Uma das estudantes sob a responsabilidade de Azeredo não conseguia esconder a felicidade durante a visita. Vitória Resende, também de 17 anos, é apaixonada por desenho e passou o dia acompanhando as palestras sobre os cursos da Escola de Belas Artes no Auditório G-122, no CT. “Queria fazer Artes Visuais na UERJ, mas agora quero fazer aqui”, avaliou ao final do dia, decidida em se tornar estudante da UFRJ. O motivo dessa mudança foi o deslumbramento com a arquitetura do JMM. Depois das palestras, Vitória foi correndo conhecer o prédio e quase perdeu a hora do reencontro para pegar o ônibus. “Nossa! O prédio é lindo! As esculturas, as pinturas e os desenhos dos alunos nas paredes. Tudo é incrível”, exaltou.
INTERAÇÃO
As palestras ministradas pelos docentes atiçaram a curiosidade dos estudantes, que aproveitaram para tirar dúvidas sobre os cursos. O professor Thiago Gonçalves, diretor do Observatório do Valongo, celebrou o entusiasmo dos alunos após responder a uma série de perguntas dos jovens sobre a Astronomia após sua apresentação no Salão Nobre da Decania do CCMN. “Para a Astronomia, é um momento importante para desmistificar o trabalho que a gente faz, que às vezes parece muito distante. Por isso, é fundamental, seja para eles optarem pela carreira acadêmica na área, seja para entenderem a importância do investimento na Astronomia na universidade”, explicou.

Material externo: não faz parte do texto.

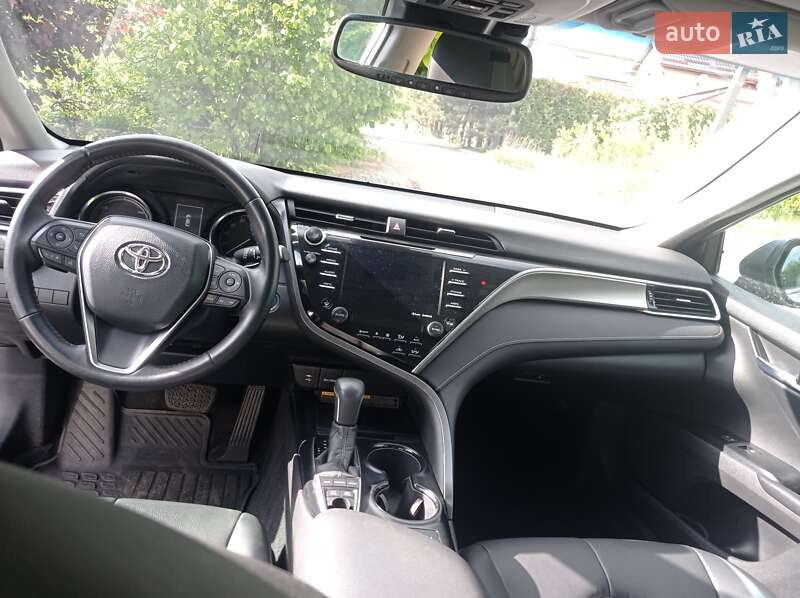 Седан Toyota Camry 2018 в Львове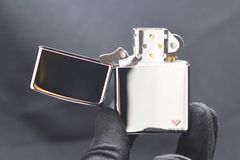 Zippo Bạc Bóng Dập Chìm Biều Tượng Zippo Crown Stamp Z07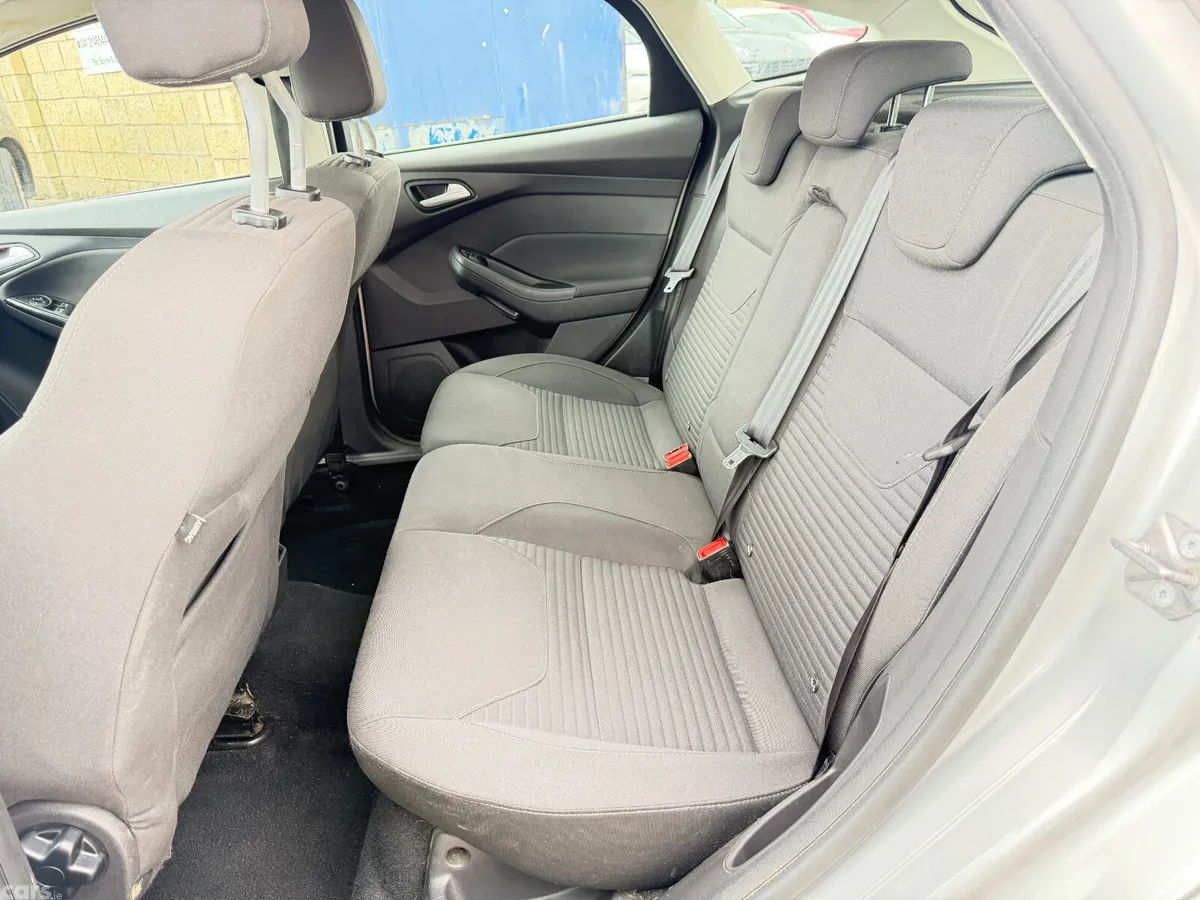 Ford Focus Hatchback, Diesel, 2017, Silver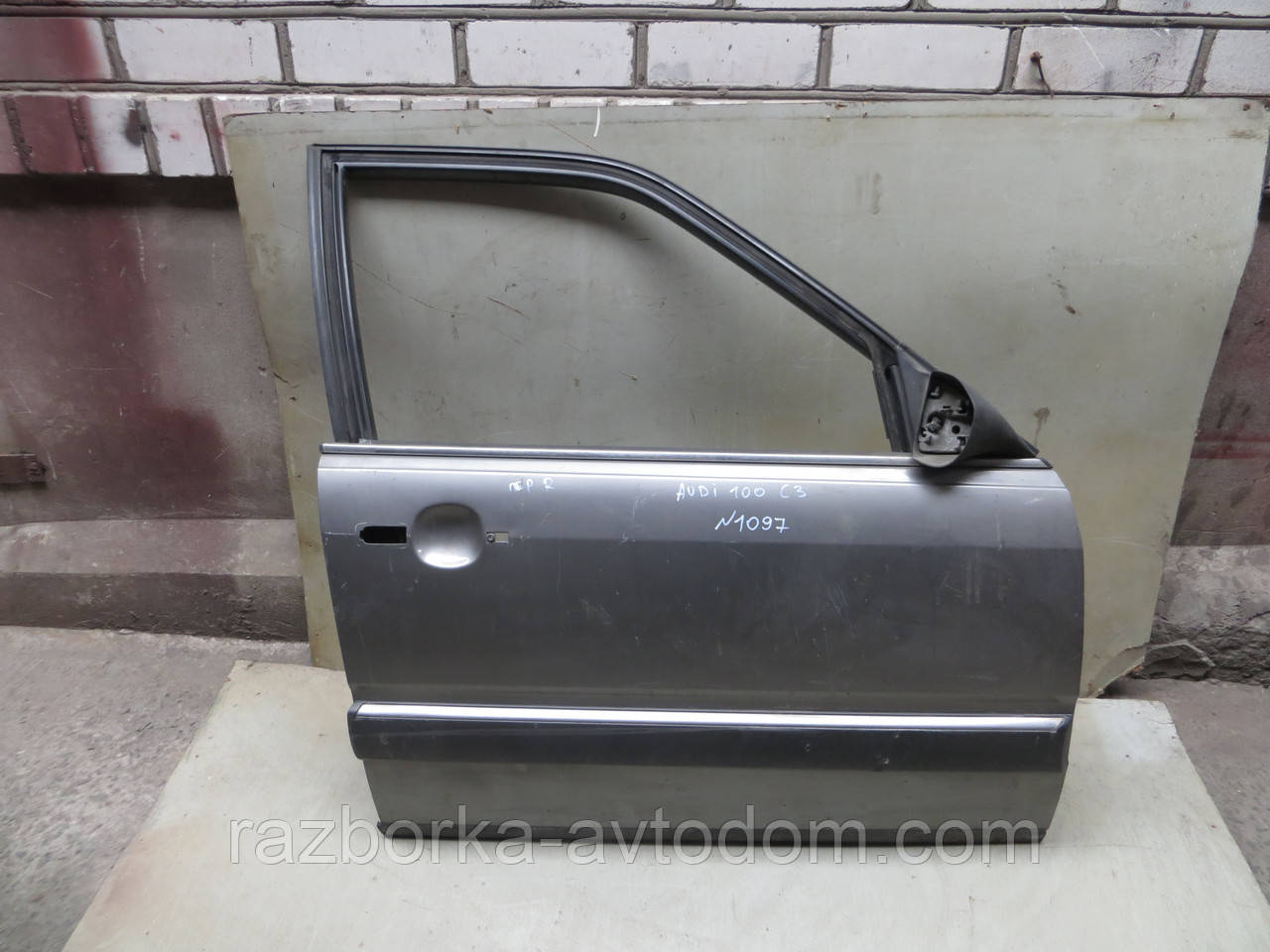 Дверь перед прав Audi 100 C3 (82-91)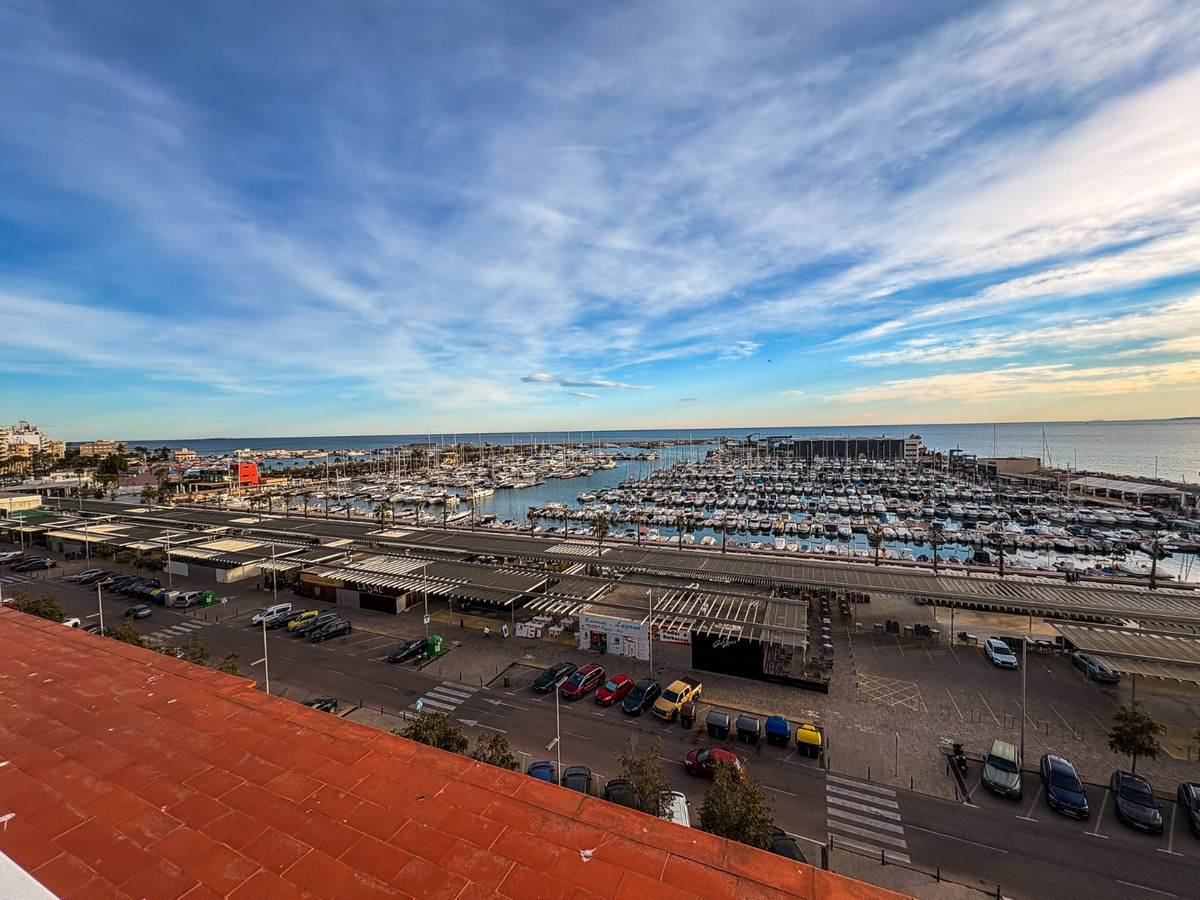 Huis te koop in Santa Pola | 3 slaapkamers H5288302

O professor Antonio Santoro, da Faculdade Nacional de Direito, participou pela primeira vez do “Conhecendo a UFRJ”. O docente também reuniu muitos interessados na carreira jurídica no Auditório Horta Barbosa e esclareceu diversas dúvidas. “Fiquei muito impressionado com a quantidade de estudantes e o interesse deles. Foi uma experiência nova para mim. Estamos mais acostumados a falar para o público do Direito, mas é preciso também desenvolver essa capacidade de falar de maneira simples”.
No CCS, a professora Ana Carolina Sodero, da Faculdade de Farmácia, se surpreendeu com a interação com os alunos no Quinhentão. “Eles estavam muito interessados. Achei ótimo, nem estava esperando tantas perguntas”, brincou a docente. Sodero fez uma avaliação positiva do evento. “É difícil para um adolescente conseguir projetar o próprio futuro profissional e a gente consegue dar uma perspectiva do que é o curso, quais as áreas de atuação”.